**Problem**
From the listing that follows, reproduce only the lines from the one holding "Original Self Inking Rubber Stamp" through the one holding "Adidas Black Windbreaker", both included, with no pictures.

**Data to examine**
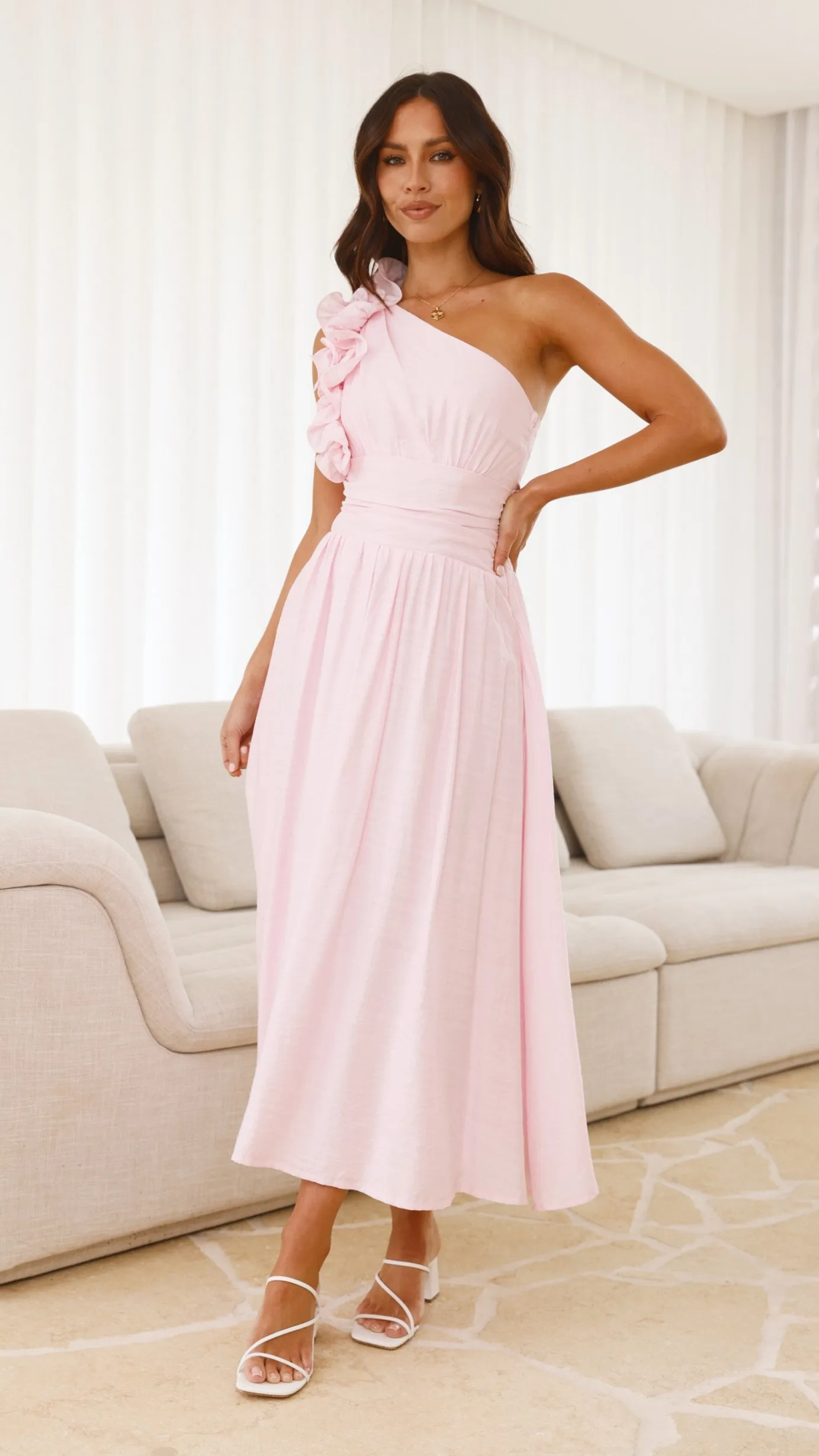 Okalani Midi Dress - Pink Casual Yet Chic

* * *

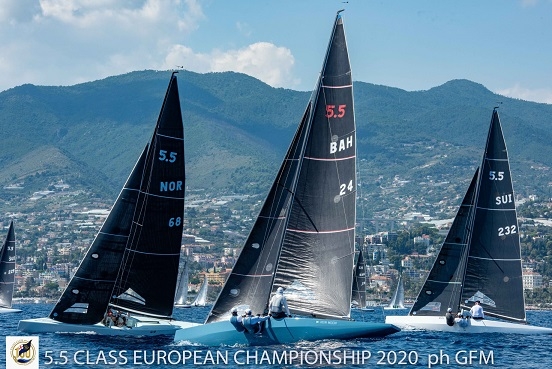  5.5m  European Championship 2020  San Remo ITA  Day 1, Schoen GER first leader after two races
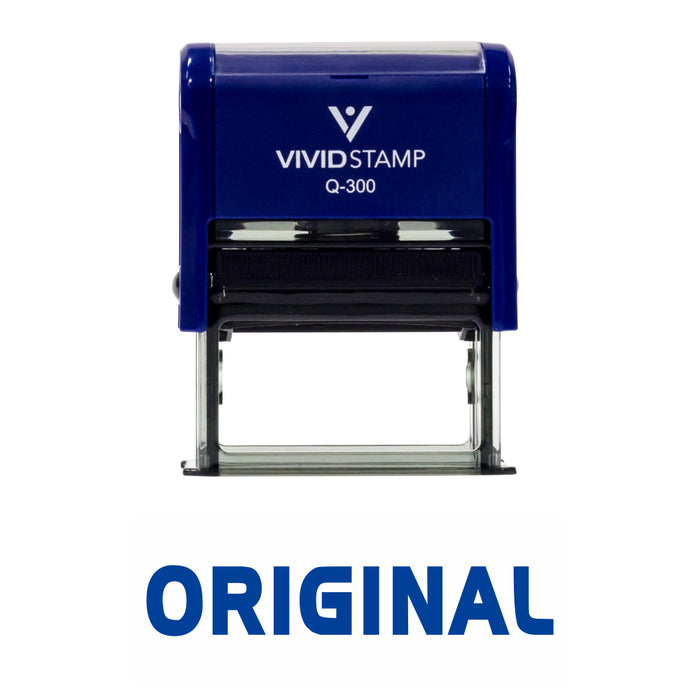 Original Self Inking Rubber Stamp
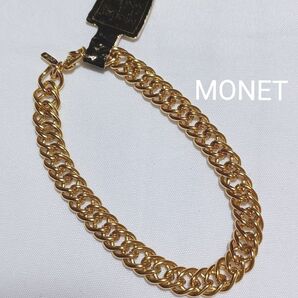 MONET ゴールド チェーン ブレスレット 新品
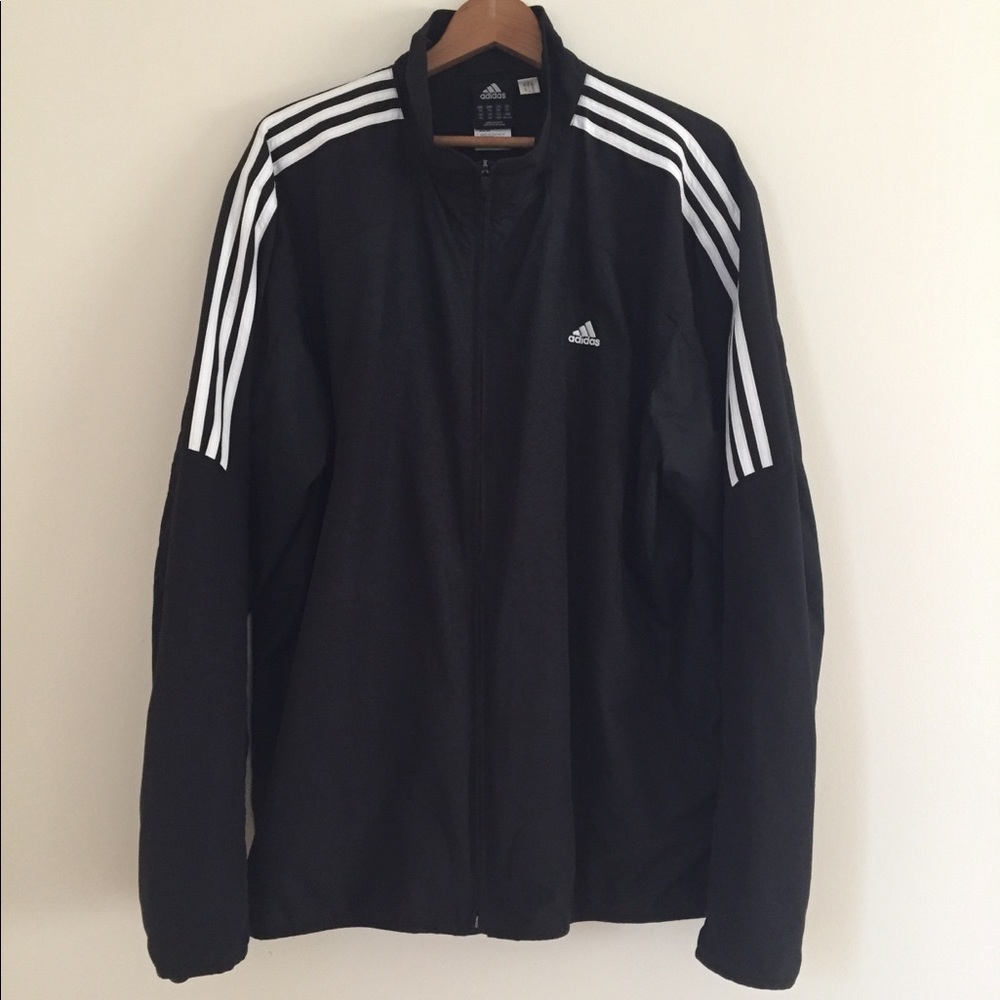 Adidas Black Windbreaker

**Result for this exercise**
 Original Self Inking Rubber Stamp
 MONET ゴールド チェーン ブレスレット 新品
 Adidas Black Windbreaker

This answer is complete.